Primo Levi, The Periodic Table, Raymond Rosenthal (trad.), Penguin Books,  2000.

    Platão é o autor a quem se atribui aquela máxima sobre a vida que não é examinada não valer a pena ser vivida (o contrário é ainda verdade, uma vida insuportavelmente examinada também não pode ser vivida). Primo Levi é outro autor que merece ser lido em tempo de crise. A única coisa para que o exame das perguntas de Sócrates, as suas soluções, não nos preparam, podemos encontrá-la extremely loud & incredibly close na autobiografia de Primo Levi, que o carácter moral de um homem pode estar certo, ser certo (a escrita de Primo Levi obedece ao critério da tríade platónica: bom, belo (mais do que tudo talvez na ideia da redenção do horror pela intuição de que tudo o que é humano não nos é alheio e o que é digno de condenação precisa de ser olhado de frente, de olhos bem abertos) e justo), ser de uma qualidade na ordem do que o discurso de Platão pretende inspirar, e ainda assim o resultado continuar a ser a dor inesgotável cuja única condição para ser experimentada é estar vivo. Mas, é também neste aspecto que a nemesis de Platão pode ser encontrada. Ao ler Primo Levi em tempos de cólera, lembramo-nos à distância do eco de outro escritor judeu, Saul Bellow em As Aventuras de Augie March, naquela cena em que uma das personagens diz a Augie que, no fim das contas, não é possível salvar a vida ou o espírito por pensar, mas, se pensarmos, o mínimo dos prémios de consolação é o mundo. 

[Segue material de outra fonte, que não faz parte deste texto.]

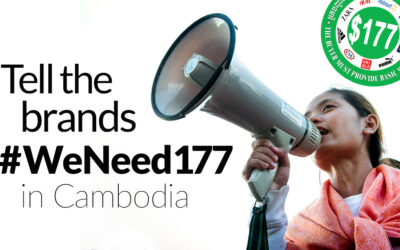 Campanya global pel salari digne a Cambodja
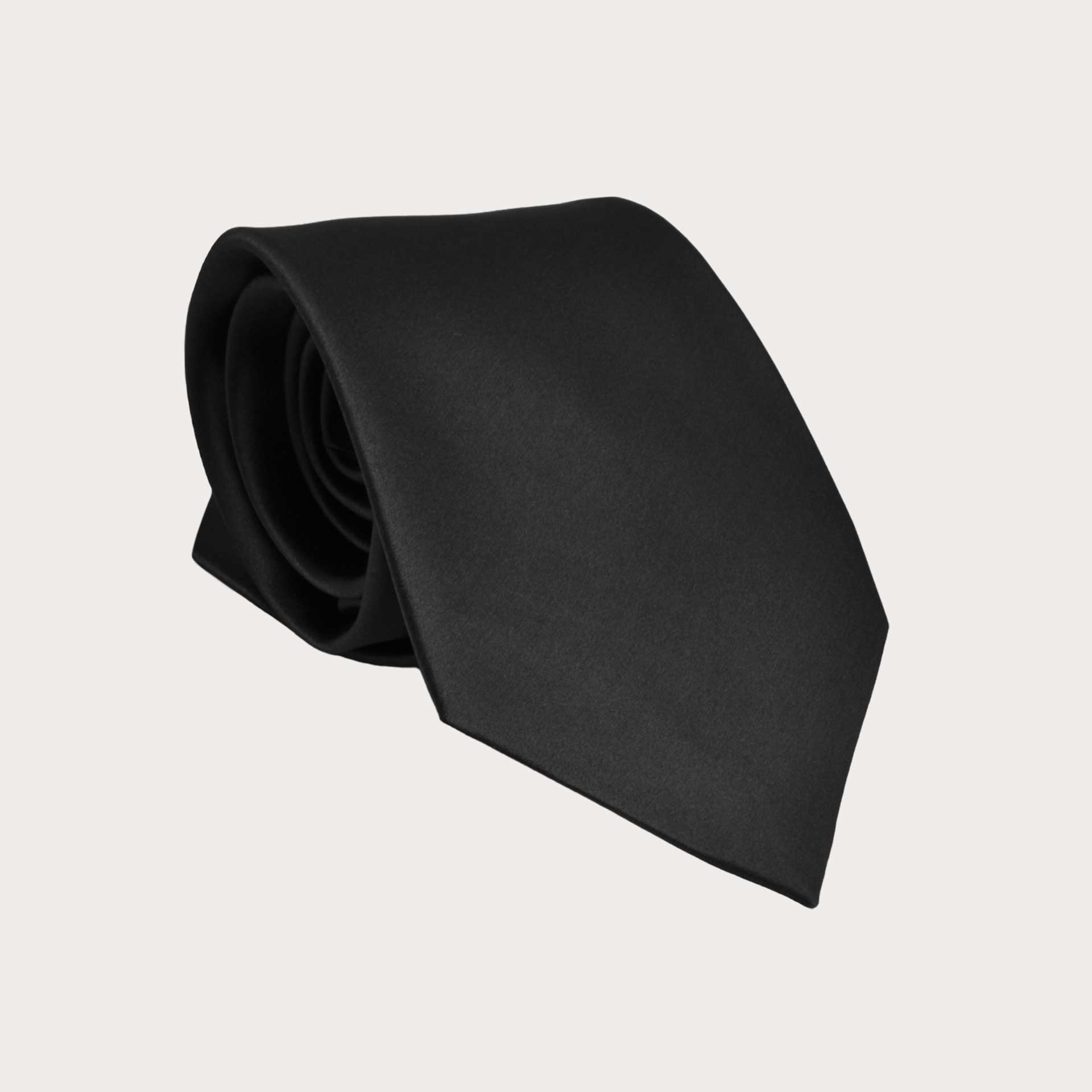 BRUCLE Cravate formelle en satin noir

    Não existe absolutamente nada de frívolo ou de acessório no Banquete de Platão. Continuará a ser, antes e depois da tonalidade de qualquer tempo, uma dessas ferramentas preciosas para a perseguição do lento e difícil trabalho de nos mantermos humanos. E se vocês se estão a perguntar porquê, aqui podíamos acabar com o Banquete de Kundera:

Just because it is groundless. If there had been a reason, it would have been possible to find it in advance, and it would have been possible to determine my action in advance. It’s just because of this groundlessness that a tiny scrap of freedom is granted us, for which we must untiringly reach out, so that in this world of iron laws there should remain a little human disorder. 

Milan Kundera, “Symposium”, Laughable Loves, Suzanne Rappaport (trad.), Faber & Faber,  1999.